Hi everyone, I have a model that uses HuggingFace’s Bert implementation as a submodule. (I share the relevant parts of the model below.) My question is about the proper place for loss function initialization. I’ll use the nn.CrossEntropyLoss()
as a loss function of the model. Is it okay if I use it as below? Or should I initialize it as a field of the model within the __init__
function (like self.loss_function = nn.CrossEntropyLoss()) and then use it inside the forward function?

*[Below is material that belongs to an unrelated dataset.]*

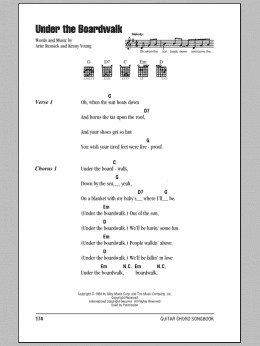 page one of Under The Boardwalk (Guitar Chords/Lyrics)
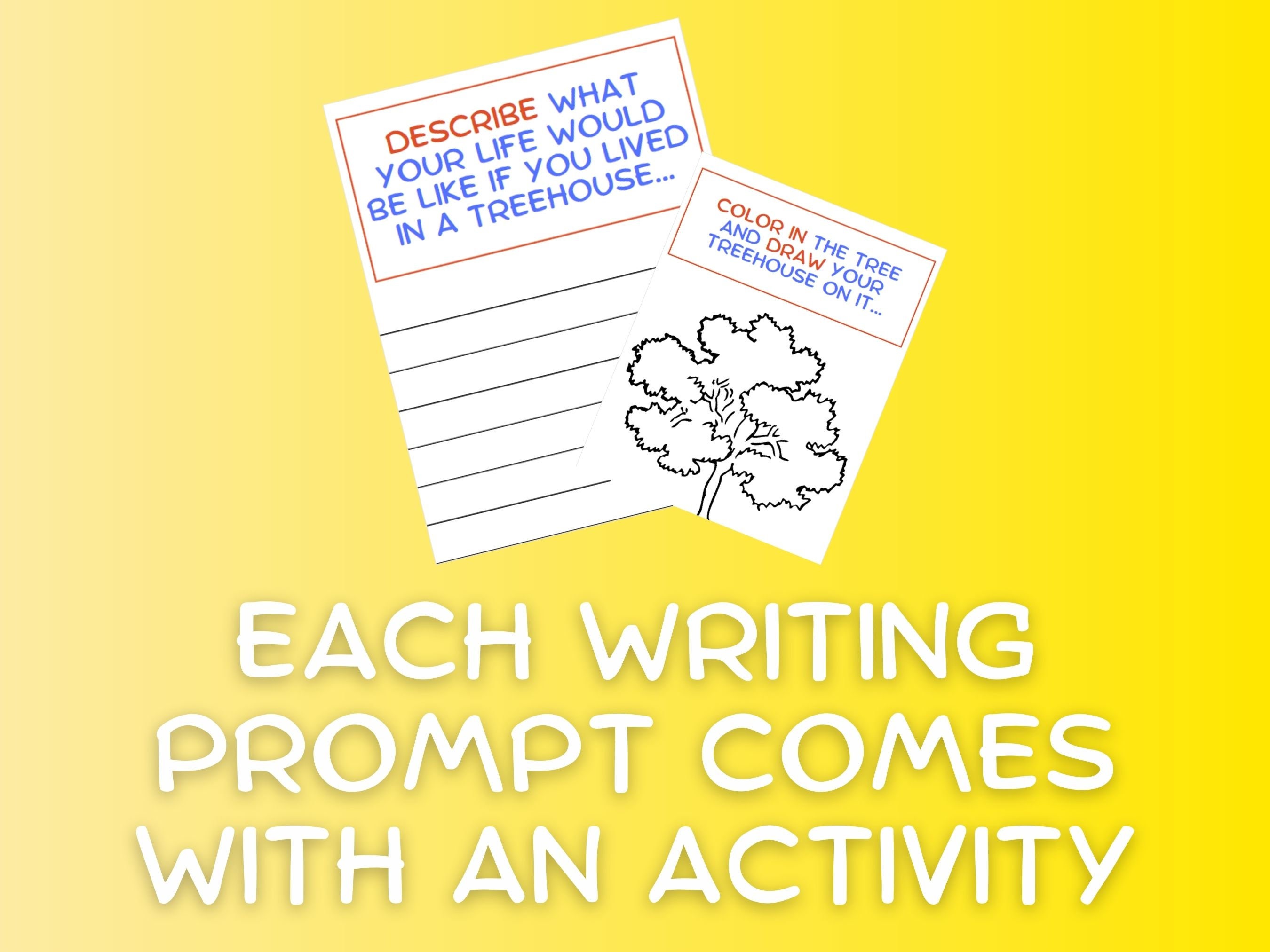 Printable Writing Prompts for Kids Activity Pages Coloring Preschool ...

I asked this because when I initialize it within the forward function, I use a new loss function at every forward call and I don’t know if this breaks something (maybe loss function needs to remember something ? )
class MyModel(torch.nn.Module):
def __init__(self,bert_dim,n_labels,pretrained_weights,dp=0.5):
super(MyModel,self).__init__()
self.num_labels = n_labels
self.bert1 = BertModel.from_pretrained(pretrained_weights)

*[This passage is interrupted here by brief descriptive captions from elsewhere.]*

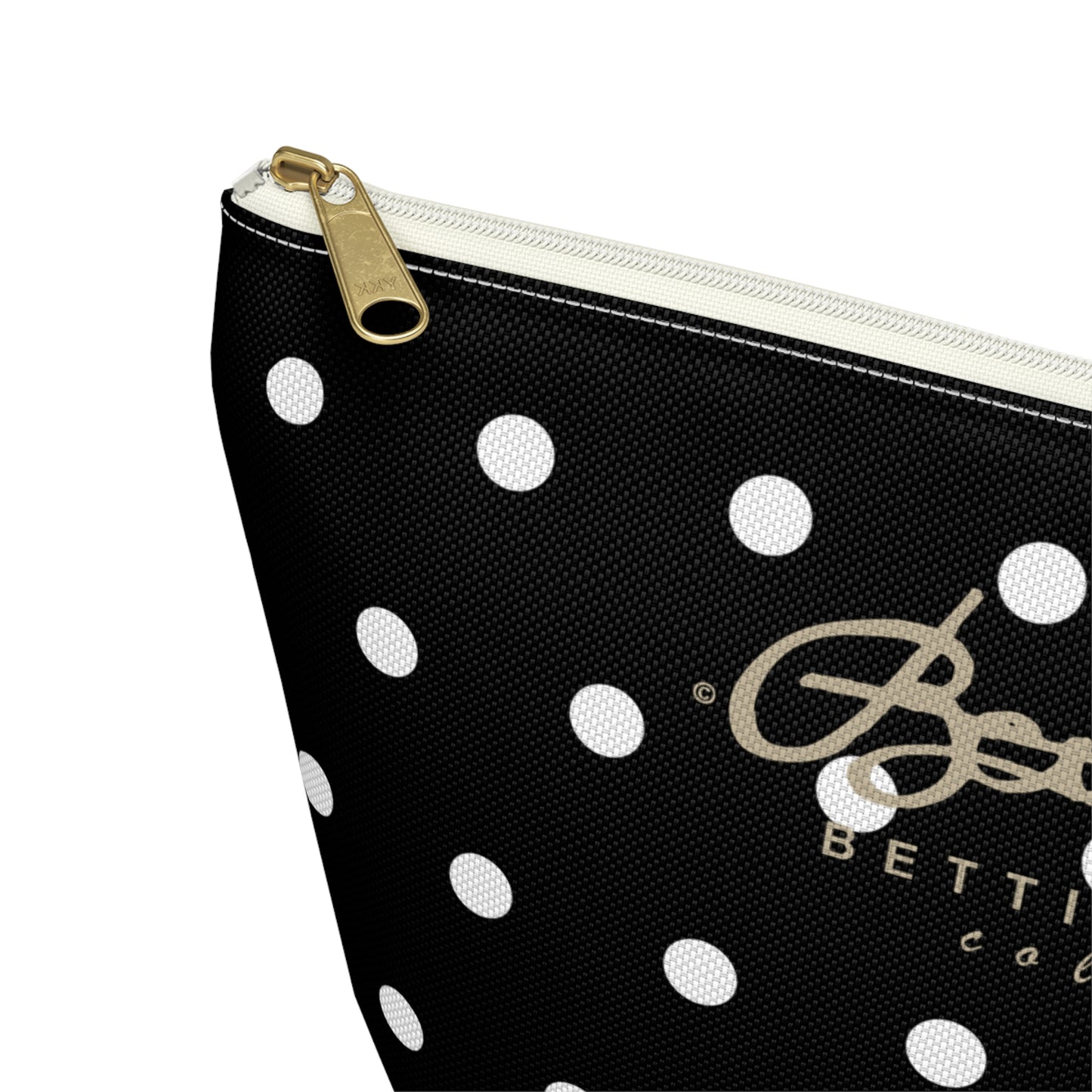 Midnight Polka Dot Accessory Pouch w T-bottom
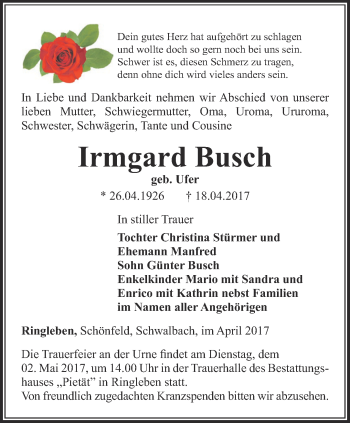 Traueranzeige von Irmgard Busch von Thüringer Allgemeine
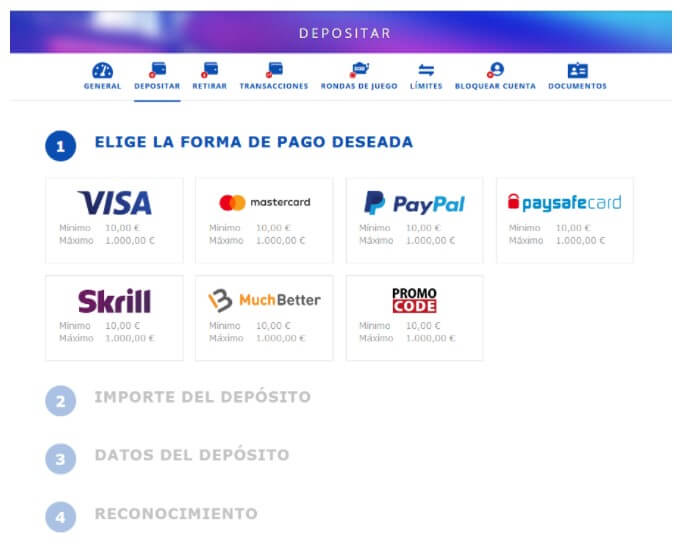 métodos de depósito en lowen play casino 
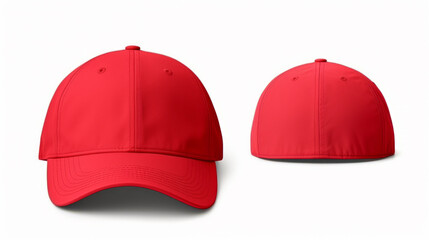 Front and back view of red cap on white background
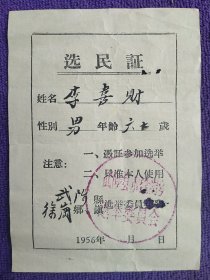 武陟徐岗1956年选民证。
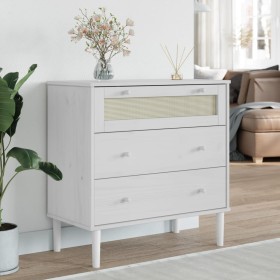 SENJA chest of drawers rattan look solid white pine wood 80x40x80cm by , Drawers - Ref: Foro24-358023, Price: 96,74 €, Discou...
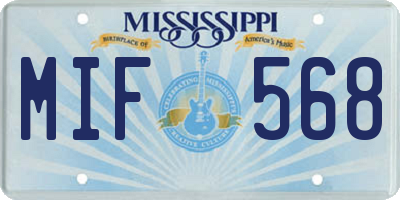 MS license plate MIF568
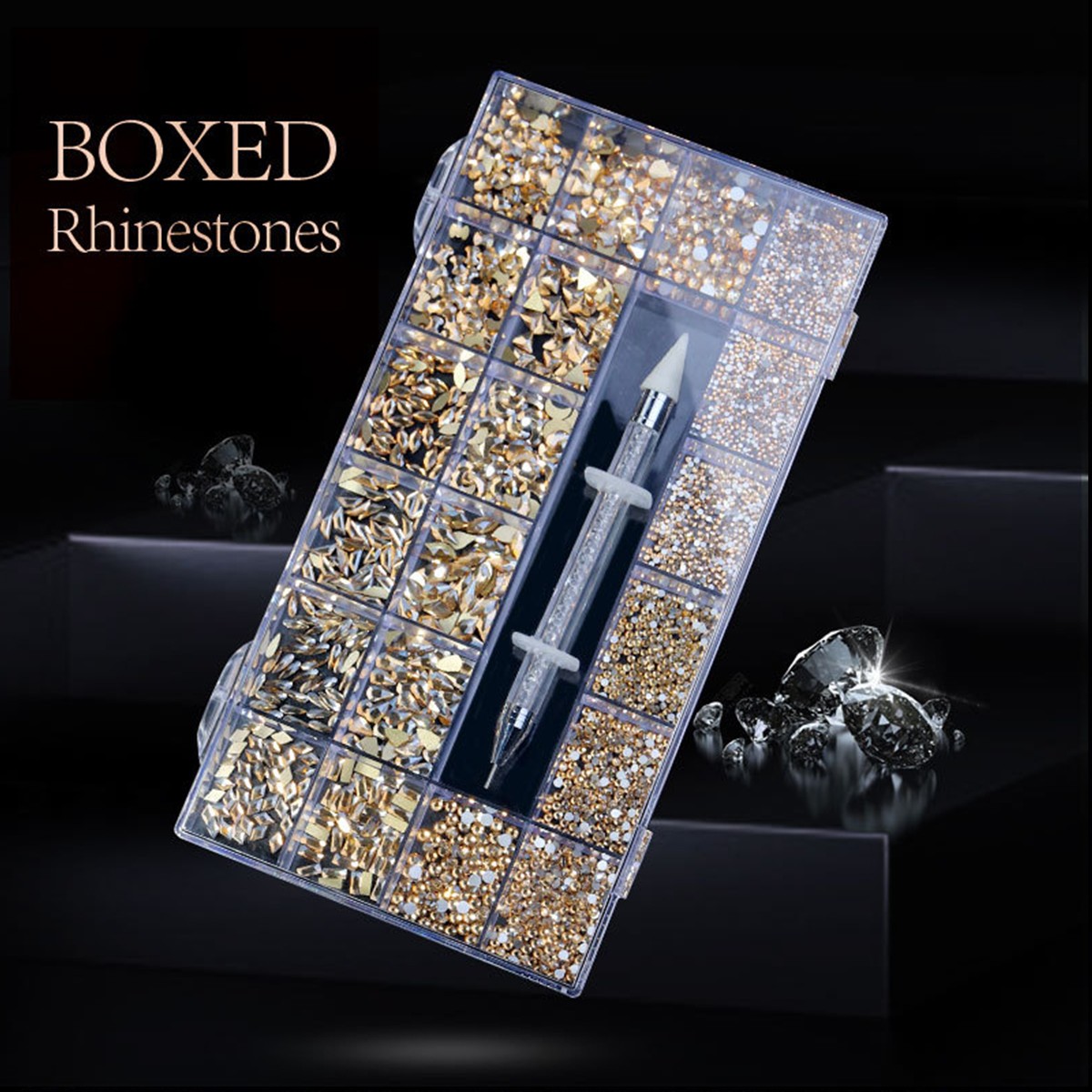 21 grid nail art diamond flat bottom glass diamond multi-style special-shaped di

self.bert2 = BertModel.from_pretrained(pretrained_weights)
self.dropout = nn.Dropout(dp)
self.classifier = nn.Linear(2*bert_dim, n_labels)

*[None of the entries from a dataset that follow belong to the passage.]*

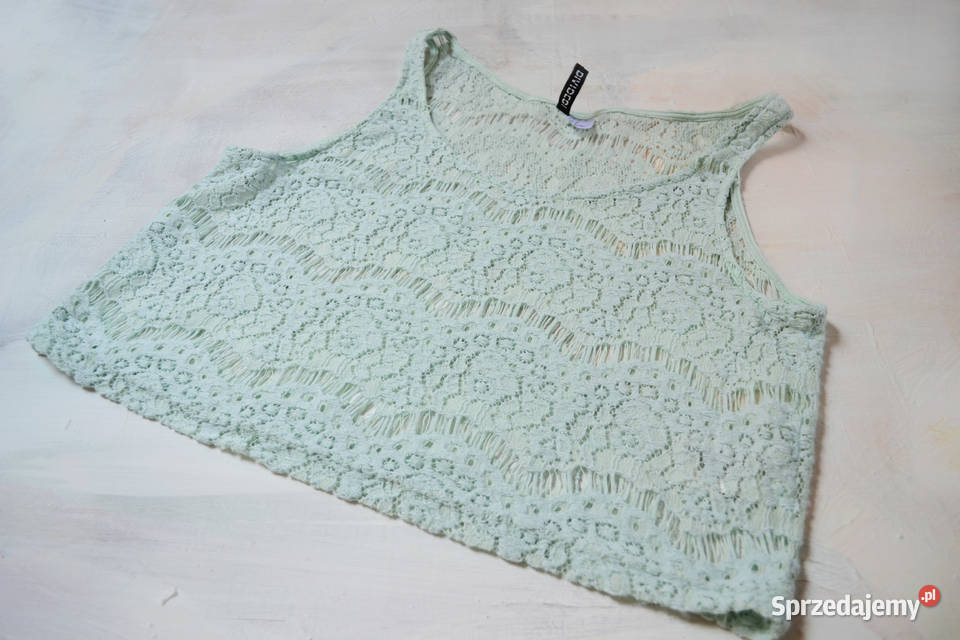 miętowy crop top haftowany hm Warszawa sprzedam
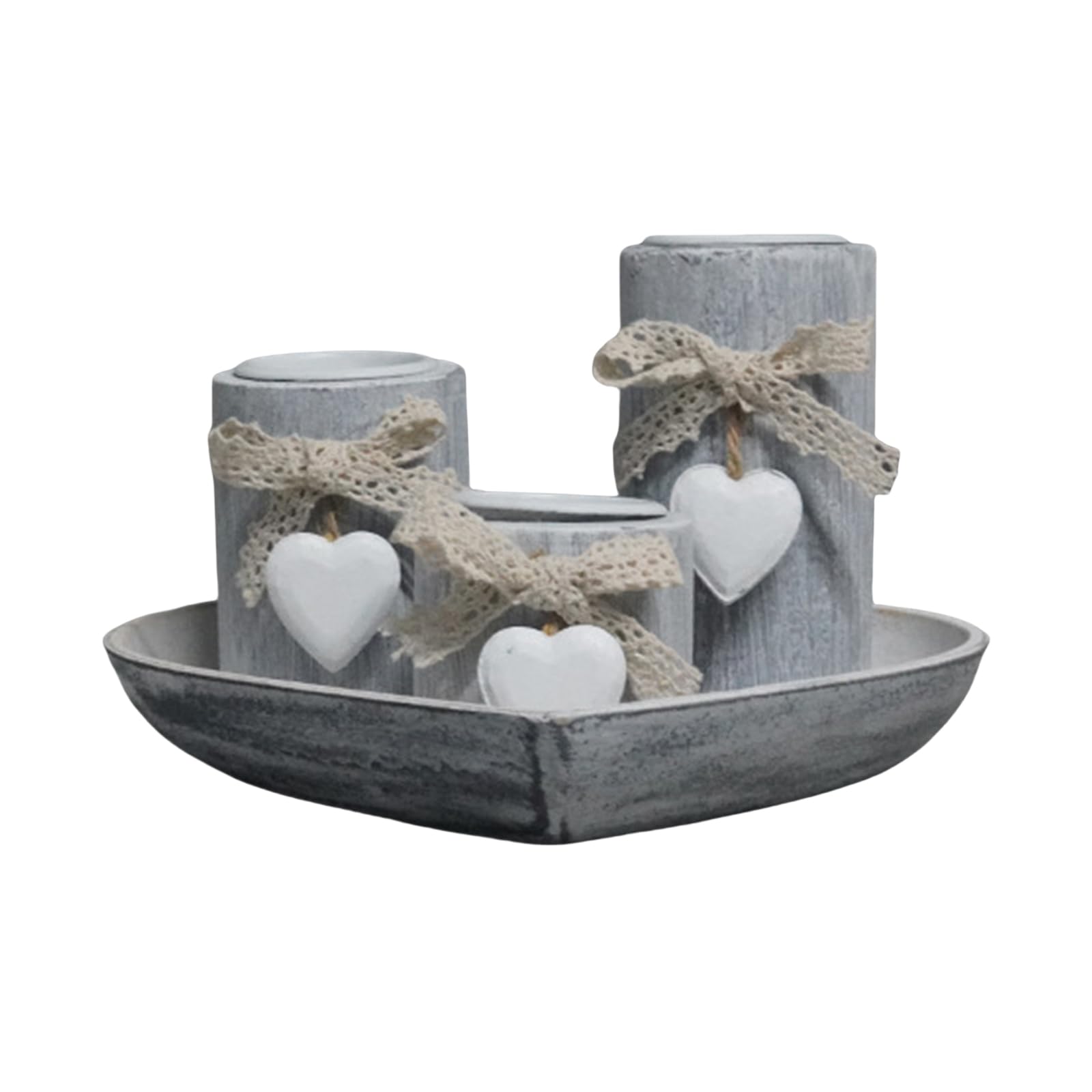 AOSAIXIS 3Pcs Heart Designs Wood Tealight Holders With Wood Tray For Valentines Day Weddings Centerpieces Table Decors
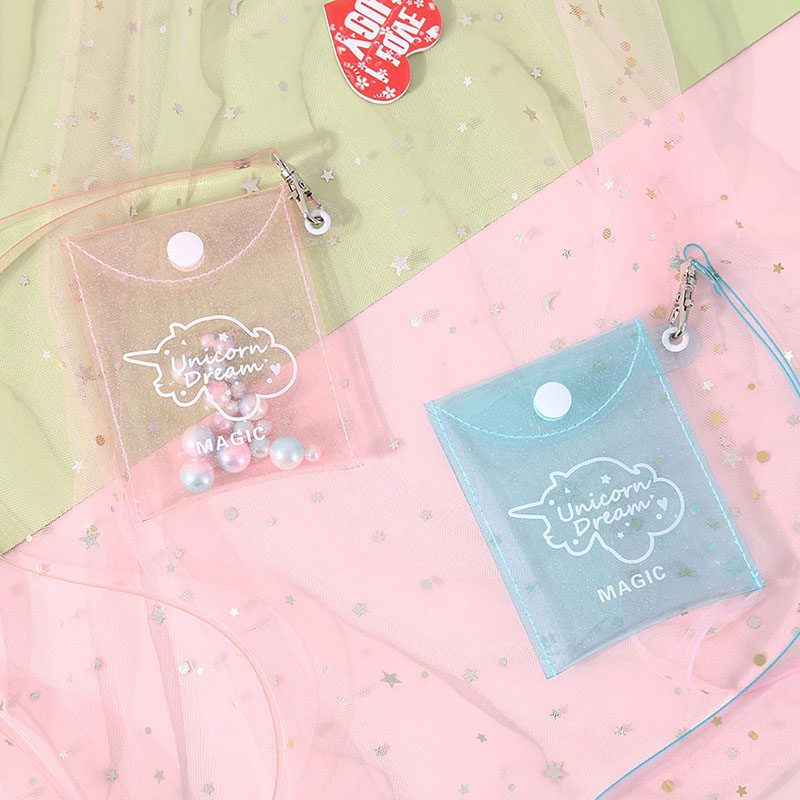 Korean version of the girl's transparent card bag ins girl flash powder lanyard coin purse student lipstick headset data cable bag female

def forward(self, input_ids=None, attention_mask=None, token_type_ids=None,
labels=None,c_input_ids=None,c_attention_mask=None,c_token_type_ids=None):
output1 = self.bert1(input_ids,
attention_mask=attention_mask,
token_type_ids=token_type_ids,
output2 = self.bert2(c_input_ids,
attention_mask=c_attention_mask,
token_type_ids=c_token_type_ids,
logits = # get logits by using output1 and output2 here for sake of simplicity.
loss_fct = nn.CrossEntropyLoss()
loss = loss_fct(logits.view(-1, self.num_labels), labels.view(-1))
return (logits),loss